Tuesday, 17 December 2013

Mengasuh Tiga Balita dengan Usia Berdekatan

saya dan tiga cowok ganteng

"Sebaiknya di dalam satu rumah hanya ada satu balita...."

Konon katanya itu kalimat dari kampanye KB (Keluarga Berencana). Tak bisa saya sangkal memang kalau ada tiga balita di dalam satu rumah seperti yang saya alami ini, rumah dijamin tidak lepas dari berantakan, tangisan, dan  teriakan. Ibu yang jaga rumah harus siap mental deh. Beberapa waktu lalu, saya juga pernah mendapatkan pertanyaan dari seorang bapak yang akan mendapatkan anak kedua, saat anak pertama masih bayi.
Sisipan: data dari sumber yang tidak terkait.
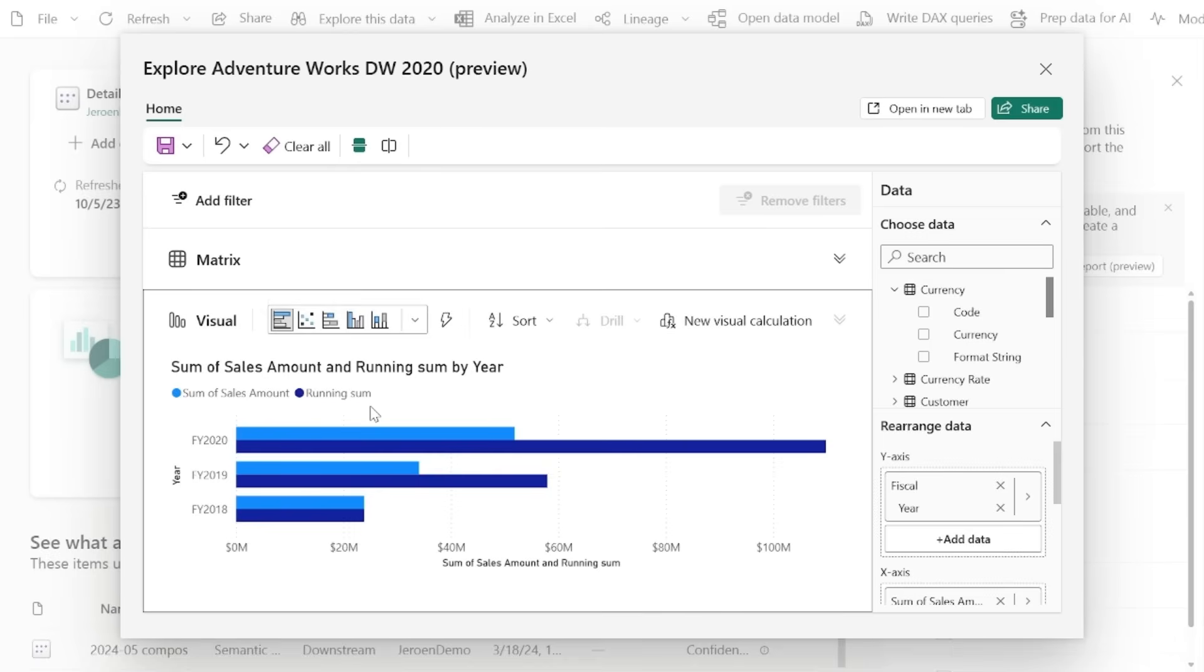In case the other visual cannot display the data, it will enter an error state, but no worries. You can simply adjust the visual type or remove the calculation to get back on track. So by combining Explore with visual calculations, your data analysis is faster, more intuitive, and more powerful than ever before.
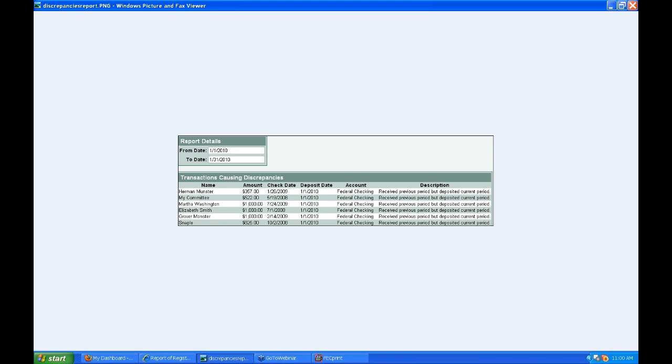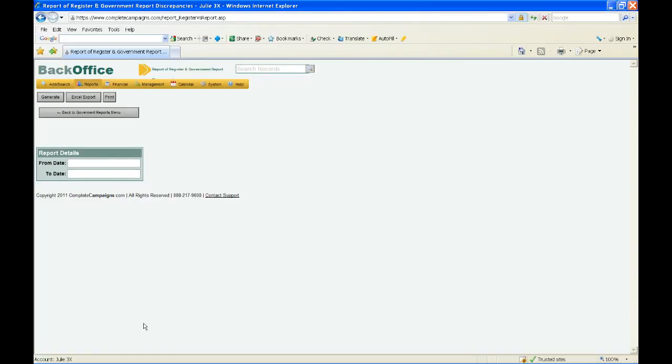Those are the items I had to go over today related to filing a Form 3. If you have any questions, please don't hesitate to get in contact with us. The number is 888-217-9600 and our email address is support@completecampaigns.com. Thank you for your time today and I look forward to having another webinar with you soon.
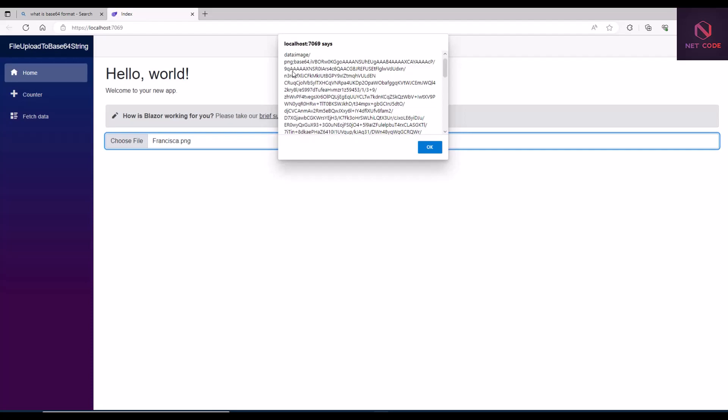If you want me to get the API and database ready, save this data to the database, retrieve it, and pass it as a source to an image element, let me know in the comments section. Once you have the image converted to a Base64 string, you're good to go and can do whatever you want with it. Make sure you subscribe to the channel, give a thumbs up, take care, and I'll catch you in the next video.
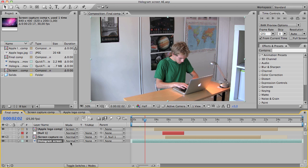Hello everybody and welcome to this After Effects tutorial where I'm going to teach you how to make a hologram screen effect. Here is what we are going to be creating.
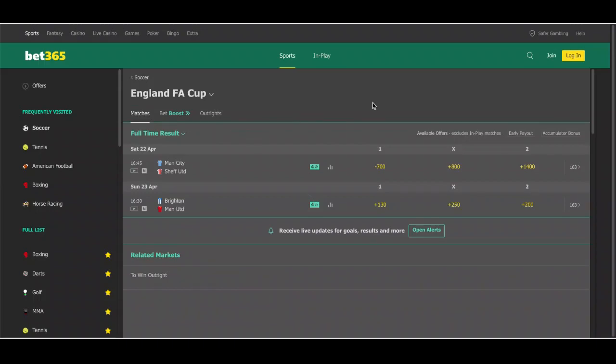Looking at the individual matches, on Saturday we have Man City vs Sheffield United at 4:45 UK time in London. City are heavy favorites at minus 700 with Sheffield United at plus 1400. I really don't see Sheffield United doing anything to upset Manchester City — this could be a heavy win for City. Keep in mind Sheffield United are in the Championship, although they've earned promotion to the Premier League — they are nowhere near the caliber of Manchester City.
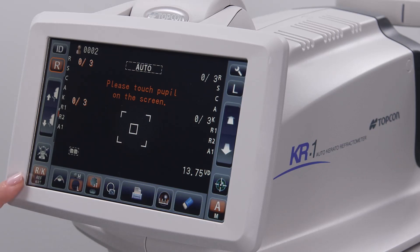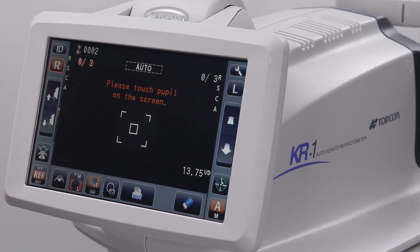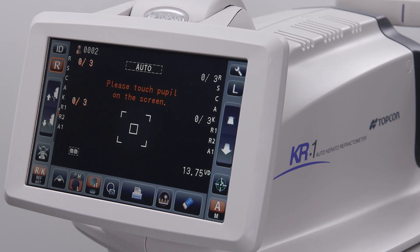The measurement mode icon determines the amount of information that will be acquired during the measurement. Tapping this icon will switch the setting from RK to keratometry only to refraction only and then back to RK. By leaving the setting on RK, the device will acquire both autorefraction and keratometry values.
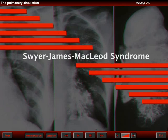Swire and James, and two years later, McLeod and children in England described a syndrome of pulmonary focal hyperlucency due to bronchial disease. In the case of Swire and James, the bronchial disease was bronchiectasis. In the case of McLeod syndrome, the bronchial process was a type of bronchiolitis obliterans.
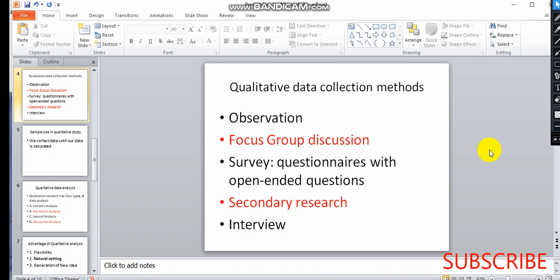A survey uses closed-ended and open-ended questions. A closed-ended question limits responses, while qualitative research favors open-ended questions, which allow more detailed responses.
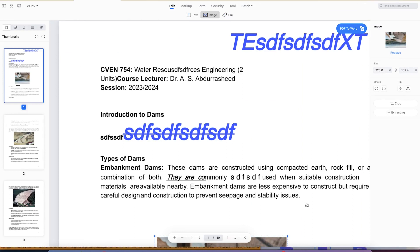So ladies and gentlemen, these are my top five free PDF editors that I use to edit my PDFs, add images, play around with text, and export them in PDF. I hope you enjoyed the video, thanks for watching, and I look forward to seeing you in the next one. Bye.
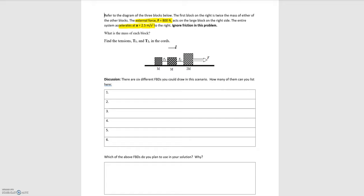Those tensions aren't necessarily equal to each other. The first step is to identify how many different free body diagrams we can draw for this problem. I'll start by labeling the blocks: the first small block is block one, the second small block is block two, and the larger block is block three. We can draw a free body diagram for each of these individual blocks.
Bagaimana cara mengasuh dua anak balita dengan usia berdekatan? Saya juga bukan ibu yang sempurna. Suami saya pun masih banyak kekurangannya. Tapi, kami berusaha sebaik mungkin mensyukuri kehadiran tiga anak dengan usia berdekatan, yang saya yakin ini adalah anugerah dari Allah Swt. 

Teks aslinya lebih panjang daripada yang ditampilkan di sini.